How do you prove that ${\displaystyle e^{aX+bX}=e^{aX}e^{bX}}$ for a matrix X? I don't see a proof on Matrix exponential. Widener (talk) 02:11, 4 May 2011 (UTC)[reply]

You can't because it's not always true. See section 1.2 of the article for further details. — Fly by Night (talk) 02:34, 4 May 2011 (UTC)[reply]

It is always true. I wrote ${\displaystyle e^{aX+bX}=e^{aX}e^{bX}}$, not ${\displaystyle e^{aX+bY}=e^{aX}e^{bY}}$. Widener (talk) 02:54, 4 May 2011 (UTC)[reply]

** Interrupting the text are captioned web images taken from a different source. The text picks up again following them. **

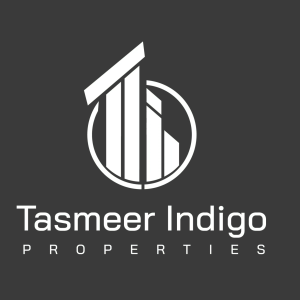 Tasmeer Indigo Properties logo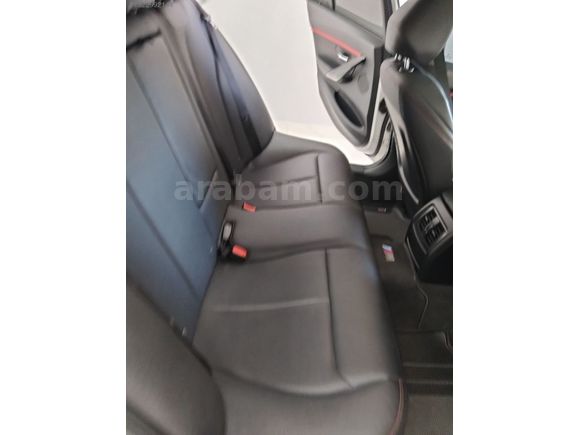 2015 MODEL 3.20 İD SPORT LİNE BMW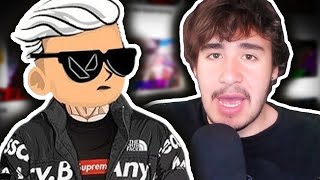 WestJett is the NEW Leafyishere [upl. by Arekahs]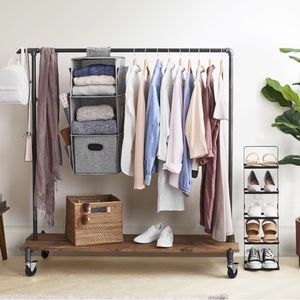 Closet Organizer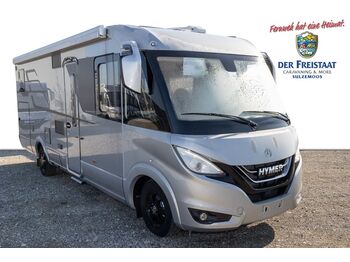 Интегриран кемпер HYMER / ERIBA / HYMERCAR B-KLASSE ML I 780 HUBSTÜTZEN*KLIMAANLAGE*SOFORT*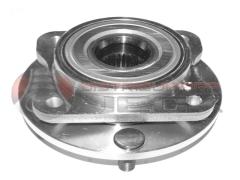 Maza Delantera Chrysler Caravan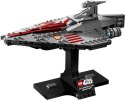 LEGO STAR WARS 75404 Krążownik szturmowy typu Acclamator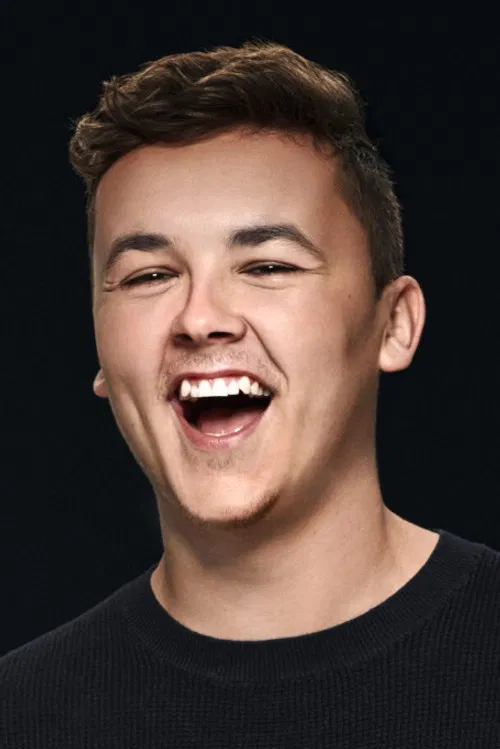 Danick Martineau profile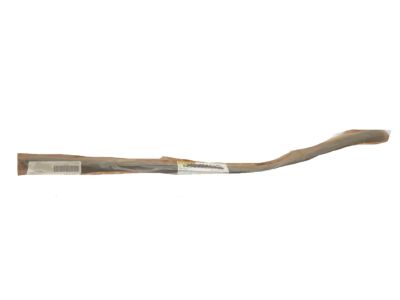1999 Dodge Neon Door Seal - 4658934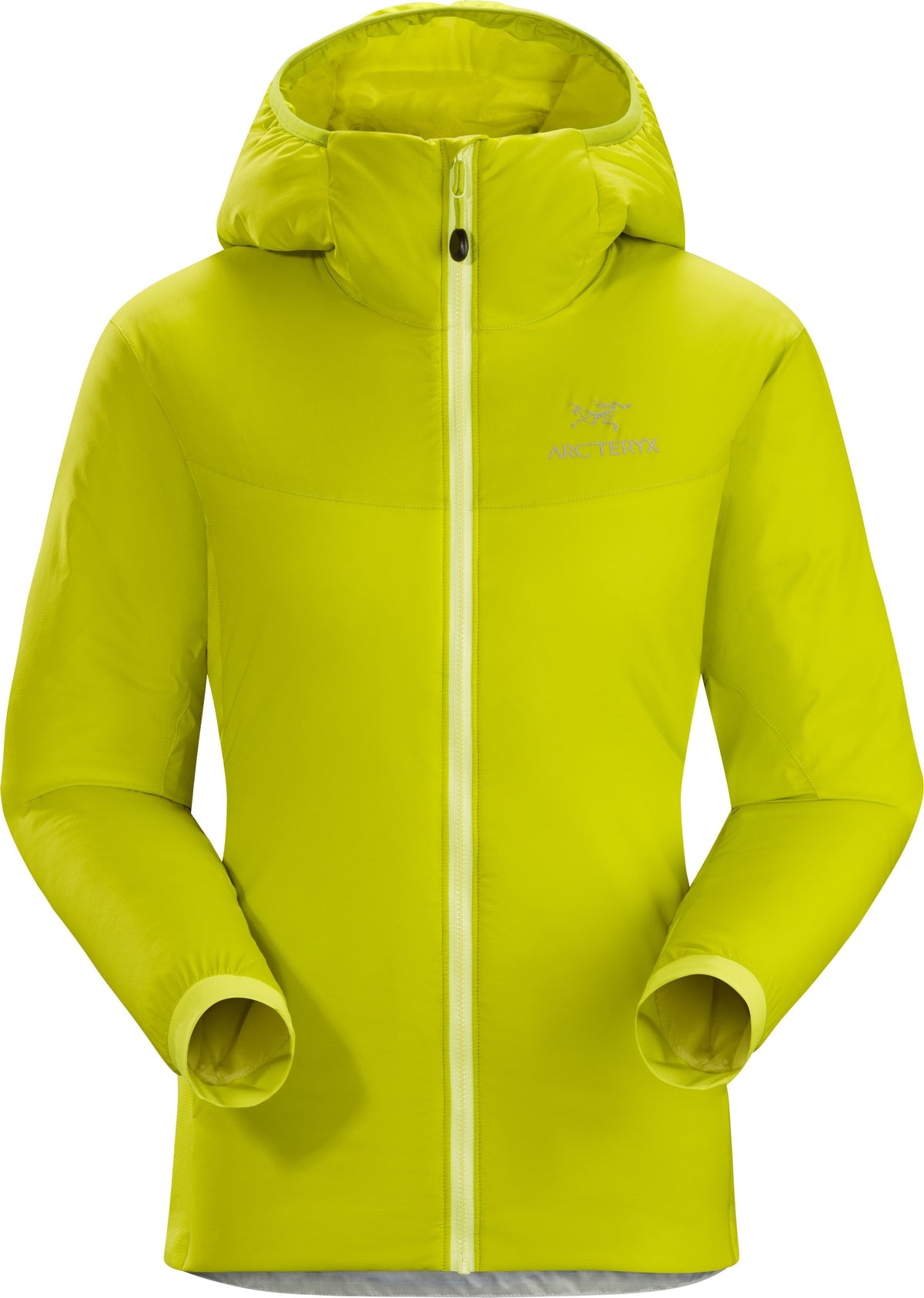 Atom LT Hoody Women's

OK, let's have a go at it:

${\displaystyle {\begin{aligned}e^{aX+bX}&=\sum _{j=0}^{\infty }{\frac {(aX+bX)^{j}}{j!}}=\sum _{j=0}^{\infty }{\frac {(a+b)^{j}X^{j}}{j!}}\\[8pt]&=\sum _{j=0}^{\infty }{\frac {\left(\sum _{k=0}^{j}{\binom {j}{k}}a^{k}b^{j-k}\right)X^{j}}{j!}}=\sum _{j=0}^{\infty }\left(\sum _{k=0}^{j}{\frac {a^{k}}{k!}}\cdot {\frac {b^{j-k}}{(j-k)!}}\right)X^{j}\\[8pt]&=\sum _{j=0}^{\infty }\left(\sum _{k=0}^{j}{\frac {a^{k}X^{k}}{k!}}\cdot {\frac {b^{j-k}X^{j-k}}{(j-k)!}}\right)\\[8pt]&=\sum _{k=0}^{\infty }\sum _{j=k}^{\infty }{\frac {a^{k}X^{k}}{k!}}\cdot {\frac {b^{j-k}X^{j-k}}{(j-k)!}}{\text{ (This is the problematic step}}\ldots )\\[8pt]&=\sum _{k=0}^{\infty }\sum _{\ell =0}^{\infty }{\frac {a^{k}X^{k}}{k!}}\cdot {\frac {b^{\ell }X^{\ell }}{\ell !}}\\[8pt]&=\sum _{k=0}^{\infty }\left({\frac {a^{k}X^{k}}{k!}}\sum _{\ell =0}^{\infty }{\frac {b^{\ell }X^{\ell }}{\ell !}}\right){\text{ (since }}k{\text{ stays fixed as }}\ell {\text{ varies}})\\[8pt]&=\left(\sum _{\ell =0}^{\infty }{\frac {b^{\ell }X^{\ell }}{\ell !}}\right)\cdot \left(\sum _{k=0}^{\infty }{\frac {a^{k}X^{k}}{k!}}\right)\\&{}\qquad {\text{ (since the sum now on the left stays fixed as }}k{\text{ varies}})\\[8pt]&=e^{bX}e^{aX}\end{aligned}}}$

The "problematic step" relies on absolute convergence. Everything commutes wih everything since powers of X commute with each other. If we had aX + bY instead of aX + bX, then we wouldn't have that commutativity. Michael Hardy (talk) 03:47, 4 May 2011 (UTC)[reply]

How did you get from line 3 to line 4? I don't know what you've done to the limits of the sums. Widener (talk) 04:54, 4 May 2011 (UTC)[reply]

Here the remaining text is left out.